Either way, there's something to be said for the "Out of sight, out of mind" approach:
Burying stuff I don't want to deal with is exactly what I do with my feelings.
But while Colville-Andersen claims no city has found the solution to bike parking, once city councilperson is doing the unthinkable and collaborating with the enemy:
"We try to steal as many good ideas as we can, and we have a very good working relationship with [city planners in] Holland", says Andreas Roehl from Copenhagen city council, noncommittally.
The bit about stealing ideas may be true, but the relationship between these two tiny cycling nations is anything but "good," and just last month a drowned Danish cycle spy was found handcuffed to a Dutch bike in a canal in The Hague. Consequently, the Copenhagen city council has been forced to wait until things cool down before resuming their espionage, and in the meantime they've been trying to come up with their own ideas--though this is the best one they've had so far:
A few years ago "bike-butlers" were introduced in some areas. The butlers pick up bicycles that have been knocked over, pump air into flat tyres and give the bike-chains a bit of oil, to thank people for parking properly.
Meanwhile, here in New York City, the Citi Bike fleet is set to double thanks to a buyout:
In fact, you can already see the results:
(Citi Bike? Doubled.)
There are also rumors of expansion, presumably pending a feasability study confirming that the neighborhoods in question have in fact been thoroughly gentrified:
Rubinstein reported that REQX plans to double the size of the Citi Bike fleet to 12,000 bikes. In July, the expansion was rumored to reach up to 145th Street in Manhattan and into western Queens and another ring of Brooklyn neighborhoods adjacent to the current service area. Annual membership prices are expected to increase about 50 percent.
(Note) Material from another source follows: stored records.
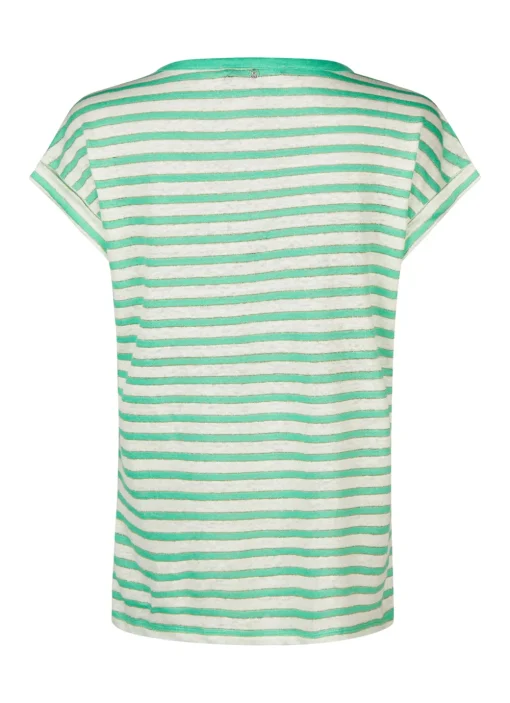 Marc Aurel t-shirts 7537-7000-73727. Wit/Groen Fashion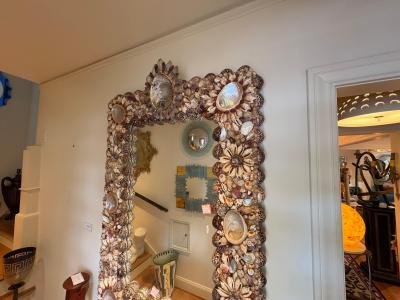 Tony Duquette French Modern Seashell Amethyst And Rock Crystal Mirror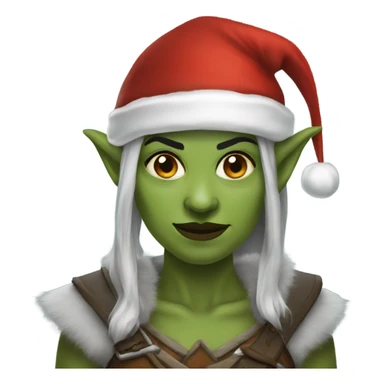 orc female warrior with santa hat sticker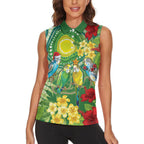 Australia Budgerigars Parakeets Personalised Women Sleeveless Polo Shirt Cute Budgies Santa Tropical Flowers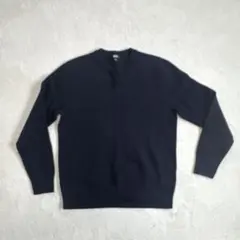 【UNIQLO】ウォッシャブルミラノリブクルーネックセーター ネイビー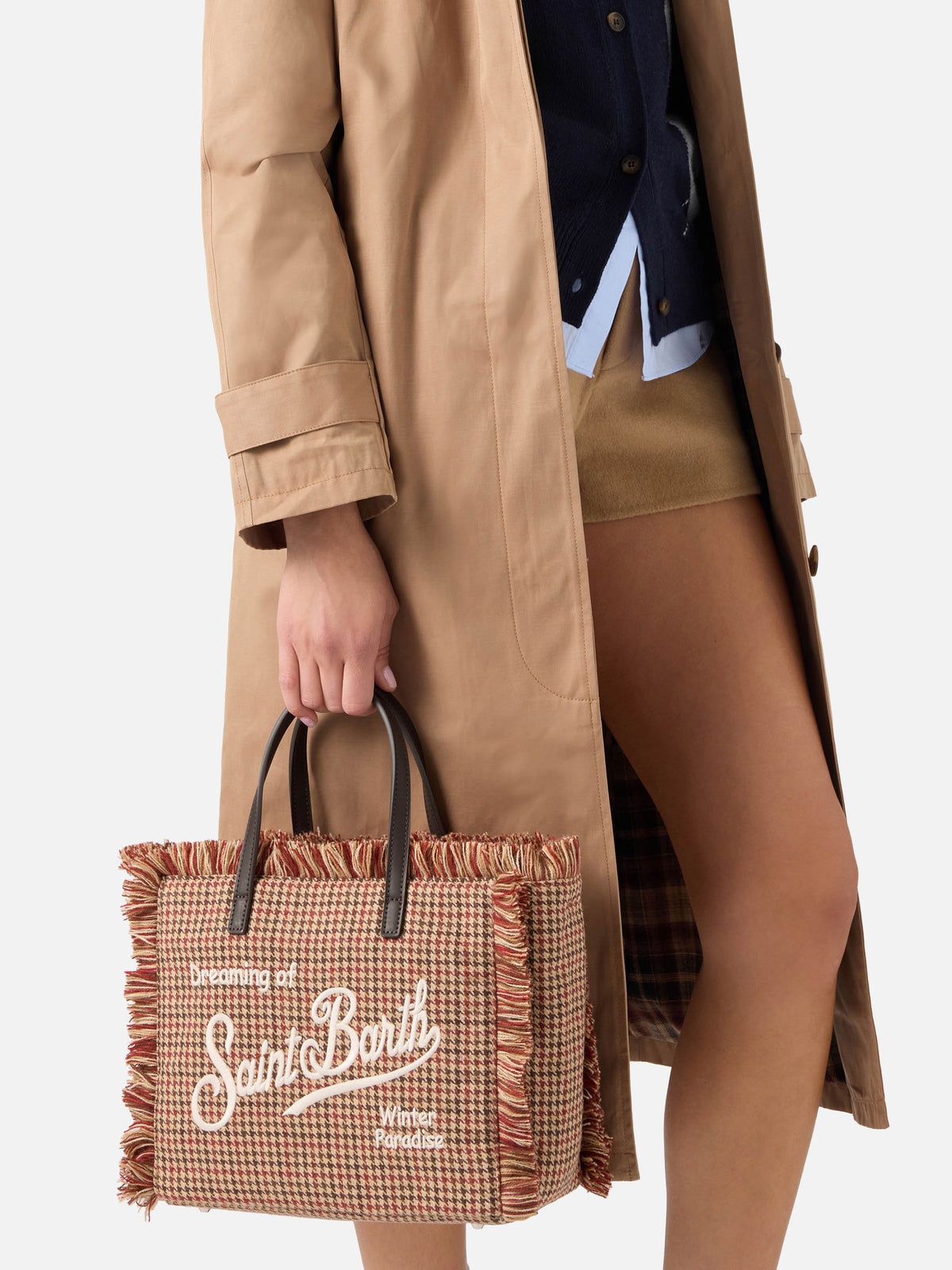 Beige Colette wool bag with houndstooth pattern
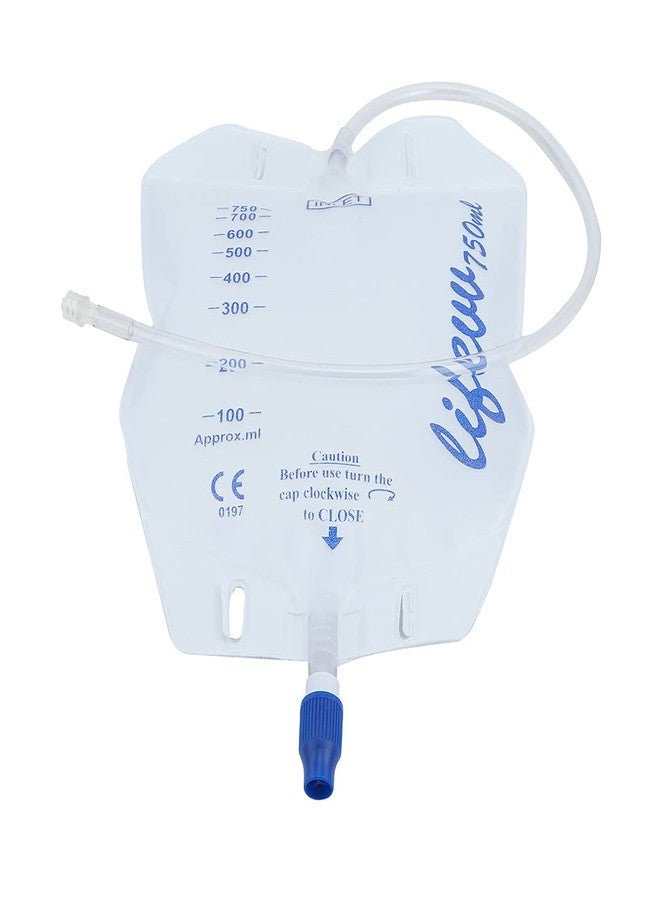 Lifevv 3 Pack Urine Drainage Bag, Nephrostomy Bag with Twist Drain Valve, 20'' Silicone Tube and Cloth Backing (750ML) - Image 3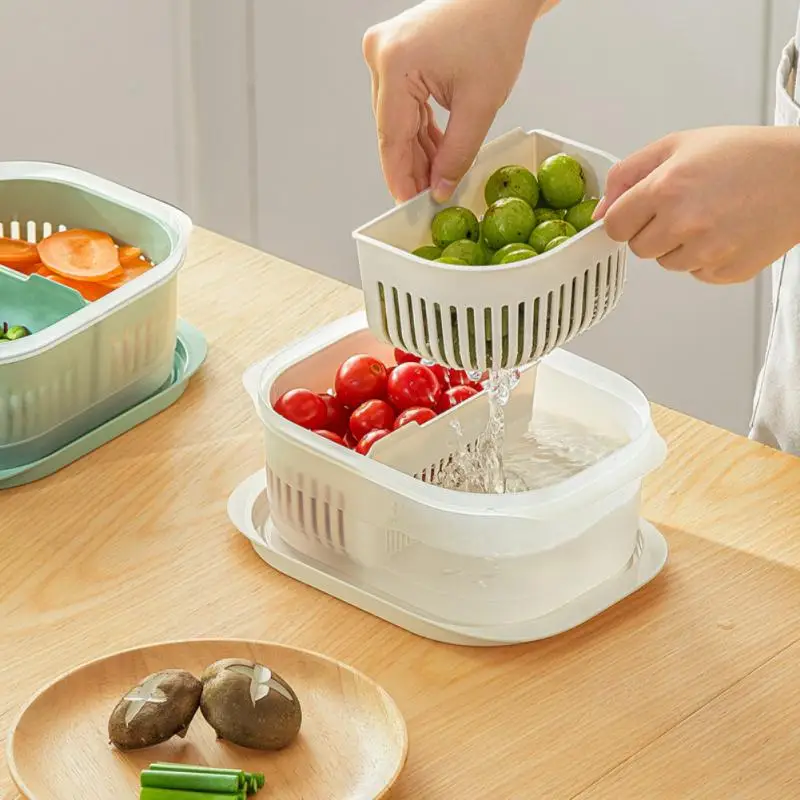 Refrigerator Organizer Storage Food Crisper Storage Drain Sealed Box Fresh-Keeping Kitchen Ginger Garlic Onion Storage Tools
Refrigerator Organizer Storage Food Crisper Storage Drain Sealed Box Fresh-Keeping Kitchen Ginger Garlic Onion Storage Tools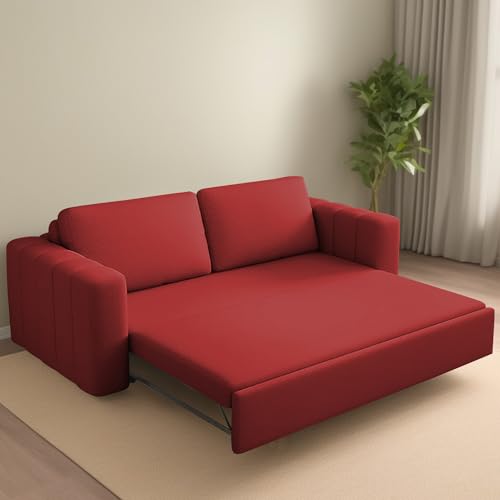 Image of Cisco 3 Seater Sofa Cum Bed for Home & Living Room (Maroon) | Premium Fabric Modern Sofa | Space-Saving Convertible Sofa Bed | Furniture for Home, Office, Living Room & Bedroom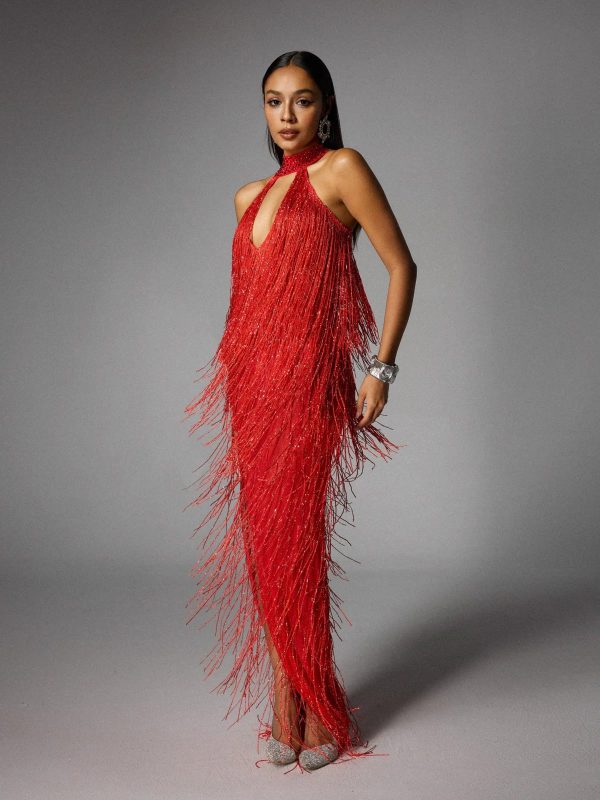 elvrik halterneck fringe cutout split maxi dress in red 13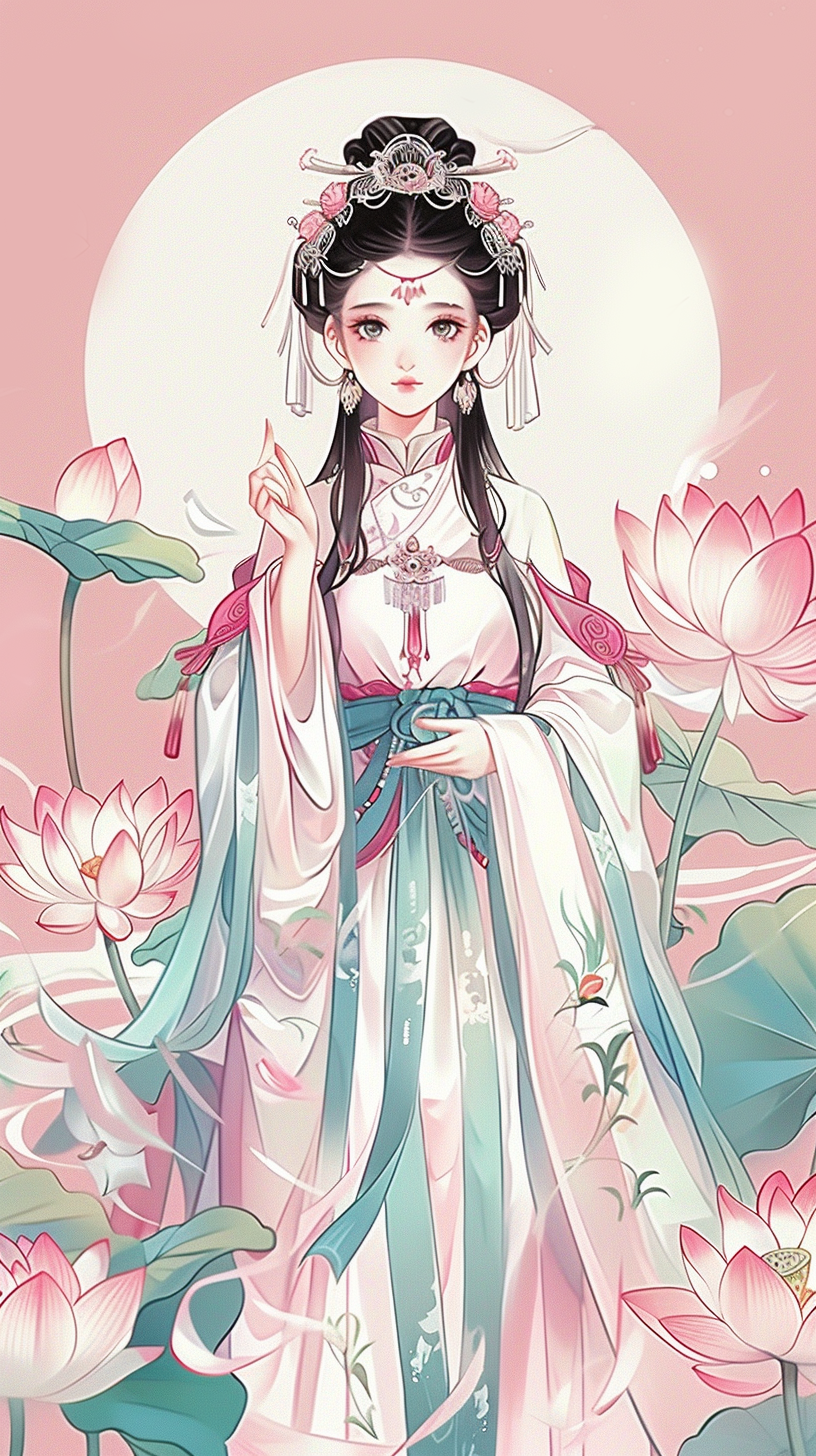 古装人物身着传统服饰的唯美古风插画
This makes sense because, looking at the current Citi Bike station map, there are still a lot of areas you can't even remotely afford to live in anymore that are not yet served by the program:
Surely this will change soon. Every time a bell rings an angel gets its wings, and every time a rent stabilized tenant is ousted from an apartment building a street gets one of these little Citi Bike push pins of gentrification. It is our Manifest Gentry that, one day, everything from the East River to the Cross Island Parkway will be a sea blue.
Lastly, there seems to be talk about a(nother) women's Tour de France, though mostly in the context of why there can't be a women's Tour de France:
The call for a women's Tour de France continues to gain momentum, with Tour organisers ASO holding the first edition of La Course on the final day of this year's men's race. Race director Christian Prudhomme has already told Cyclingnews that it wouldn't be possible to have the events run at the same time.
I'm torn. On one hand, it's ridiculous the women don't have their own race. On the other, I wouldn't wish that drug-addled shitshow on anybody.